# [TASK BRIEF]
The answer is the line containing "Assistant brewer Tom" plus every line after it to the end of the material, retyped exactly and without the pictures.

# [INPUT]

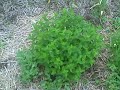 Early summer MI vegetable garden Early summer MI vegetable garden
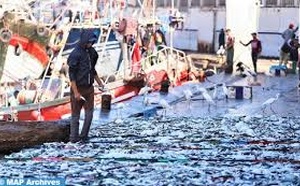 Port de Sidi Ifni : Les débarquements de la pêche côtière et artisanale augmentent de 3% en 2024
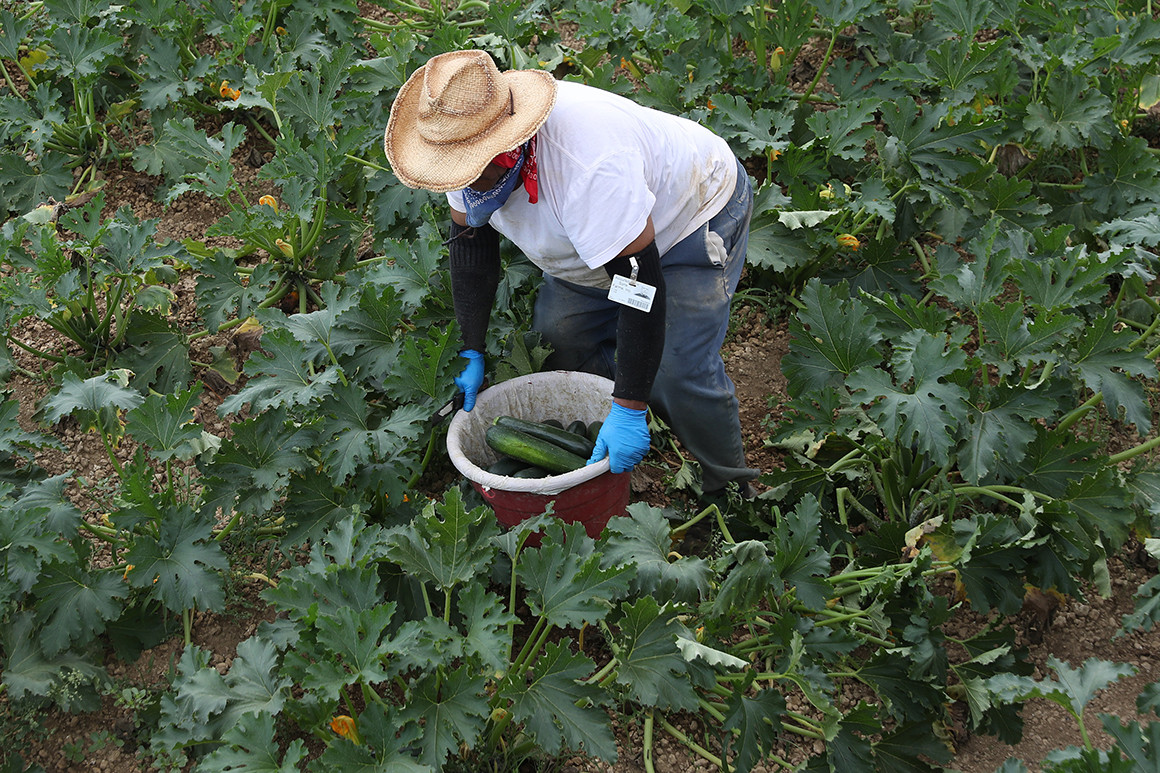 A farm worker picks zucchini in Florida | Getty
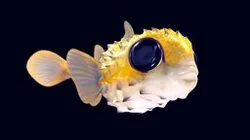 Pufferfish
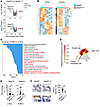 The NFAT5/HSP70 axis mediates the survival and proliferation of IECs.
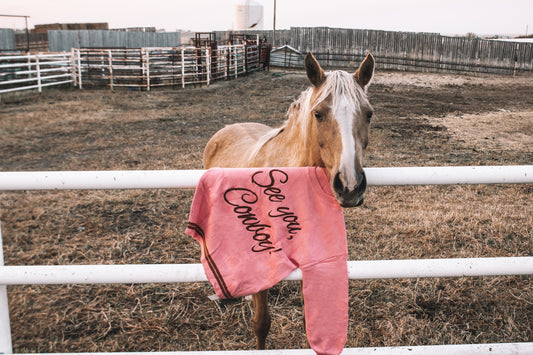 See You Cowboy Pink Sweater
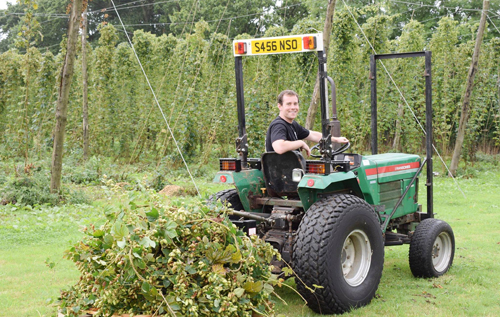 Assistant brewer Tom Barker in the hop garden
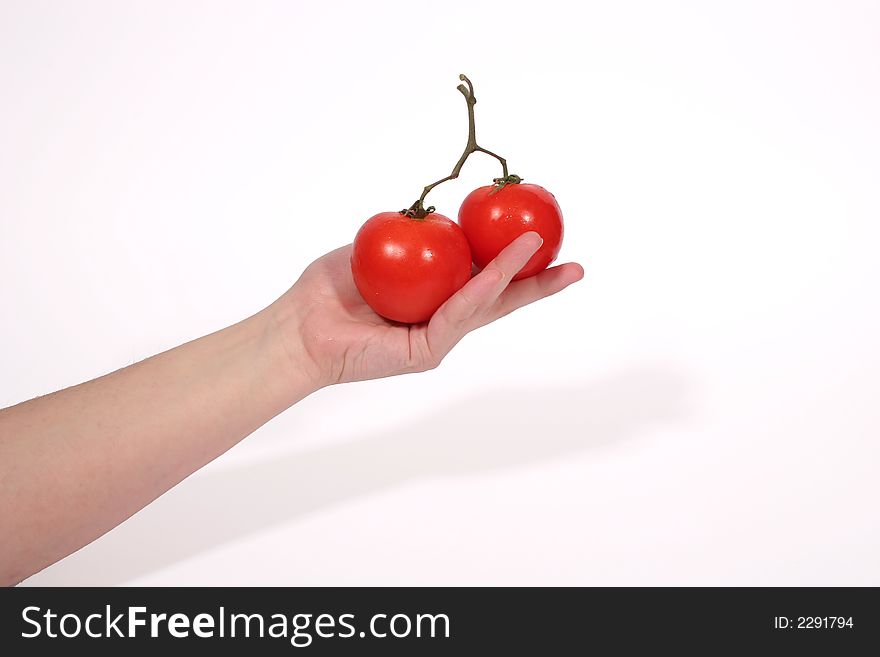 Hand Holding Tomatoes 2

# [RESULT BELOW]
 Assistant brewer Tom Barker in the hop garden
 Hand Holding Tomatoes 2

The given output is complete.